風のトポスノート645

 

当事者意識


2008.2.14

 

   冷静になって考えるとおわかりいただけると思いますが、私たちの社会の
  さまざまなシステムを機能不全に陥らせているのは、この「ちゃんと仕事を
  してくれる人がどこかにいるはずだ」という無根拠な楽観です。
  「誰かがちゃんとシステムを管理してくれうているはずだ(だから、私はや
  らなくてもいい)」という当事者意識の欠如がこの「楽観」をもたらし、そ
  れがシステムの構造的な破綻を呼び寄せています。
   当事者意識がない人の制度的改善努力は「文句をつけること」に限定され
  ます。
   ご本人は「よいこと」をしているつもりでいます。市民としては面倒な義
  務を果たしていると思っているかもしれません。文句さえつけていれば、誰
  かが何とかしてくれるはずなんですから。
  (・・・)
   批判を受けたときに、「どうもすみません。何とかします」ということを
  自分の本務だと思っている人が一定数いないと、社会秩序は保ちません。批
  判が生産的であるためには、批判をまっすぐ受け止めて「ごめんなさい。何
  とかします」という人がいなければならない、ということについては譲るわ
  けにはゆきません。
   批判者がその語の真の意味で批判的であり続けられるためには、「批判を
  受け止める人」たちをきちんと再生産する制度を担保しておかなければなら
  ない。
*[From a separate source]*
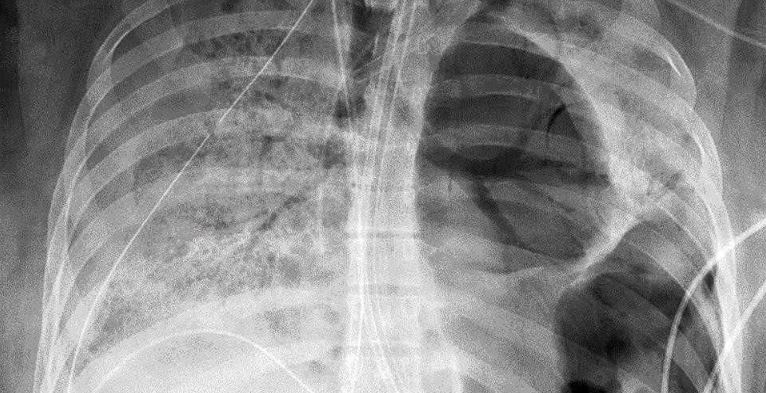 Covid destruyó pulmones a una joven y tuvieron que trasplantarle otros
批判する方たちだって、社会全員が批判する人間ばかりになったら張
  り合いがないでしょう(その前に批判される当の社会が批判者もろともに消
  滅しているでしょうけれど)。
  (内田樹『ひとりでは生きられないのも芸のうち』
   文藝春秋/2008.1.30.発行P.13-17)

「なぜ自分がやらなくちゃいけないんだ」は、
「誰かがやってくれるだろう」と思っているということだ。
それは、批判すること(というより文句をつけるというレベルのことだが)を
自分の仕事(まさにbusiness)だと思っている人の意識で、
指摘すれば自分がしなくてもまさに誰かがやってくれると思っているのである。

自由な人というのは、
自分に自分で批判を加えられる人のことである。
「おまえ(自分)がやれ」
「はい、わたしがやります」
というふうに、自分で自分に命じられるということ。
それをシュタイナー風に言えば「倫理的想像力」ともいうことができる。

そして、その「自分」を
狭いこの自分だけに限定しないで
どこまで拡げることができたかということが
ある意味「悟り」ということでもあるのだろう。
地球全体を自分の責任として引き受けたのがキリストであるように。

そして、人の意識のレベルというのも
そうしたことをひとつの尺度として見ることができる。
「他者」に対する責任というときの
その「他者」をどのようにとらえるかということも
そのことに関わってくる。

しかし、その際、何でも自分のせいにする、というような
「自虐」と混同してしまうと話はややこしくなる。
自分を愛するということがその根底になければらない。
自分を愛することができないひとが
他者を愛することができるはずがないからである。
「隣人を汝自身のように愛しなさい」というとき
自分を愛することができない人が
「隣人」を愛することができないのは言うまでもないことだからだ。
自虐の人がそのように「隣人」を同じように遇するとしたら事は悲惨である。
そこに、「自我」が深く関わらなければならない。

ブログが炎上するというようなよくある光景や
2チャンネルのような文句の数珠つなぎが成立してしまうのは
おそらく、そこに関わるひとたちが
「隣人」を、自分が自分に遇しているように扱っているからなのだろう。
自分の不幸を批判・文句という形に投影しているということである。

人の意識のあり方、存在のあり方というのは、
その人そのものを超えることはできない。
その人の言動はまさにその人そのものであって
そのひとがそのことでその言動を超えた人であることはできない。
妄想することはできるが(文句をいうことで自分が偉いと錯覚すること)
妄想は妄想以外のなにものでもない。
バーチャルな世界を現実にそのまま移植することはできないのである。

自分は当事者であること。
その自分をどの範囲で「自己認識」しているか。
そして「当事者」である、当にその「事」をどのようにとらえているか。
それそのものが自分であるということを思えば、
等身大の自分が見えてくるのは間違いない。
その等身大の自分が見えないとき、
人はとんでもない錯誤に足を踏み入れることになるだろうし、
等身大の自分を少しでも実際に大きくしようと思わなければ、
「隣人」もそれだけの大きさでしかとらえることはできない。